→ Data under study
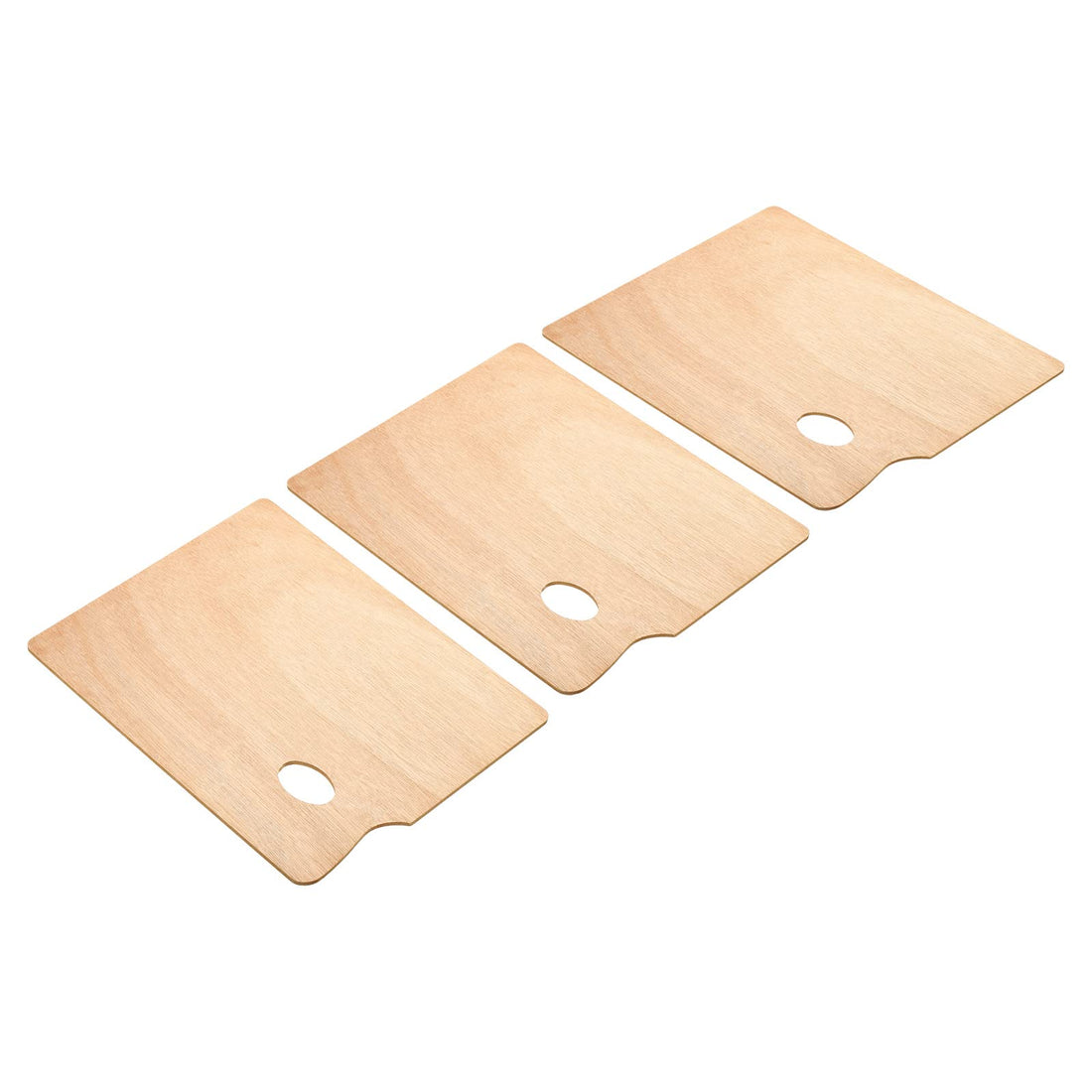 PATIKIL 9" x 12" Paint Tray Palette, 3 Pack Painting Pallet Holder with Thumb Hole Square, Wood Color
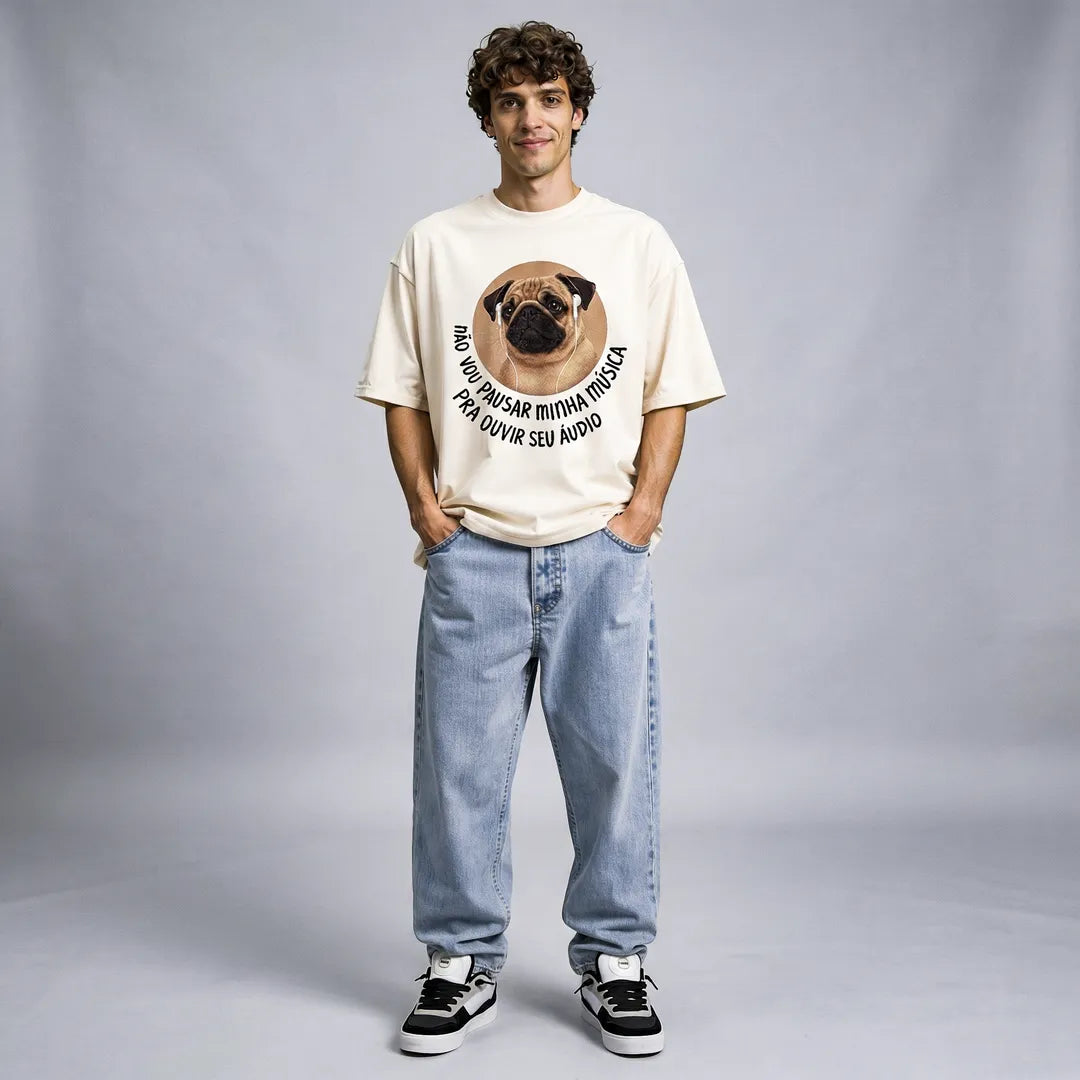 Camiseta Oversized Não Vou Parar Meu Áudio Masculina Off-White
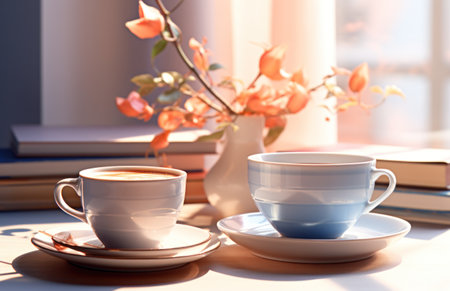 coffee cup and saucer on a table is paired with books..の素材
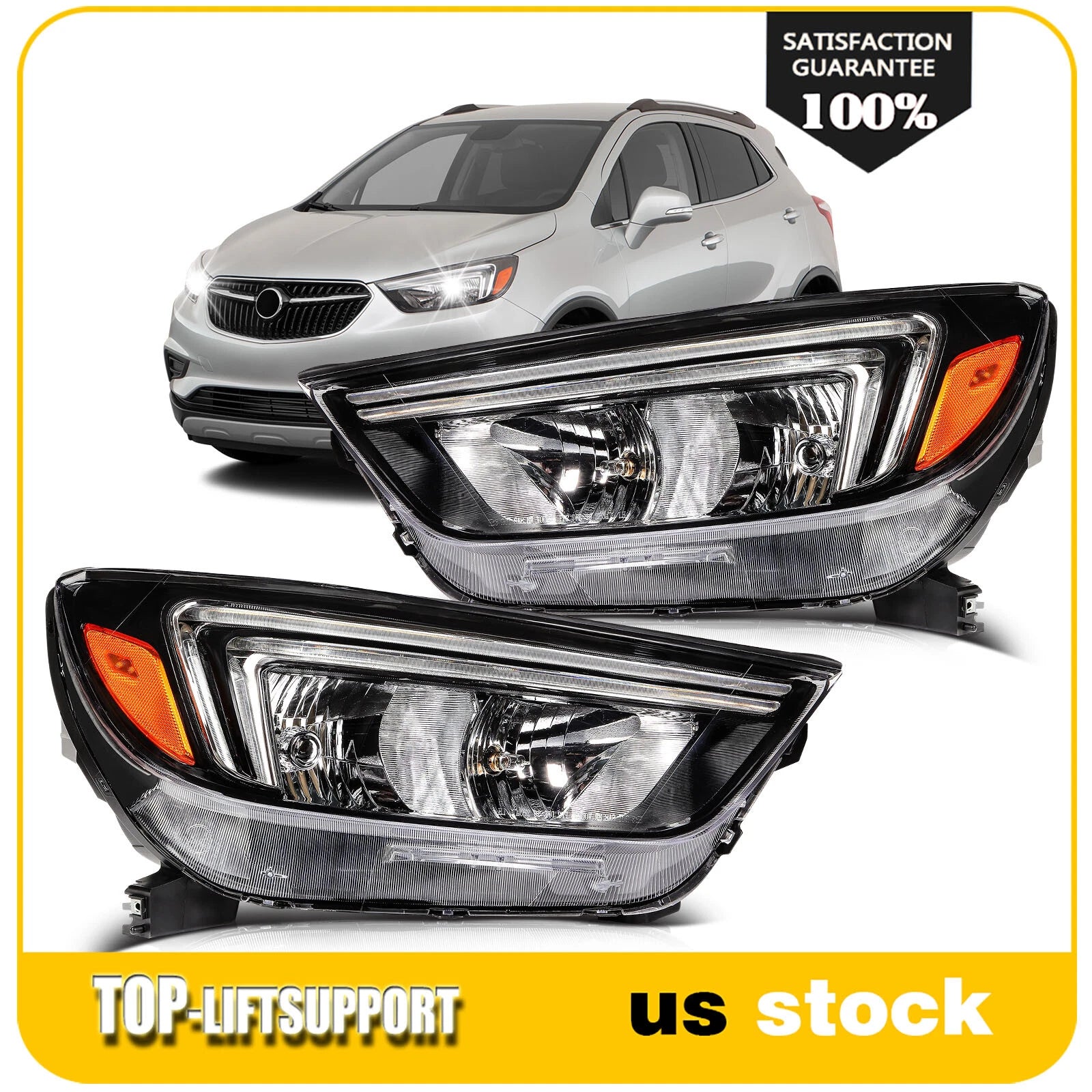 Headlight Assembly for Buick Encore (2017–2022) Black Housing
* * *
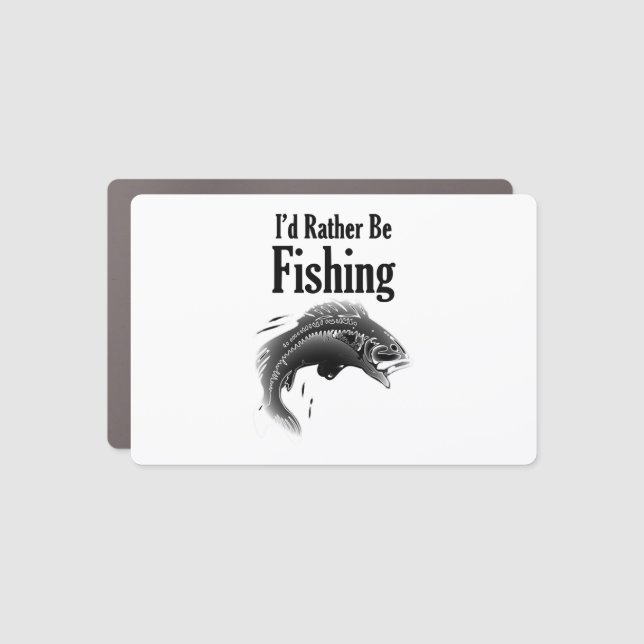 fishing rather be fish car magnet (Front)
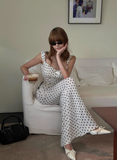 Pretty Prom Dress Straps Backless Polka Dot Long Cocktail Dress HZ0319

→ Task brief
Above are the records; return the lines in them from the one with "fishing rather be fish car magnet (Front)" to the one with "Pretty Prom Dress", inclusive, exactly and without images.

→ Solution to this problem
 fishing rather be fish car magnet (Front)
 Pretty Prom Dress Straps Backless Polka Dot Long Cocktail Dress HZ0319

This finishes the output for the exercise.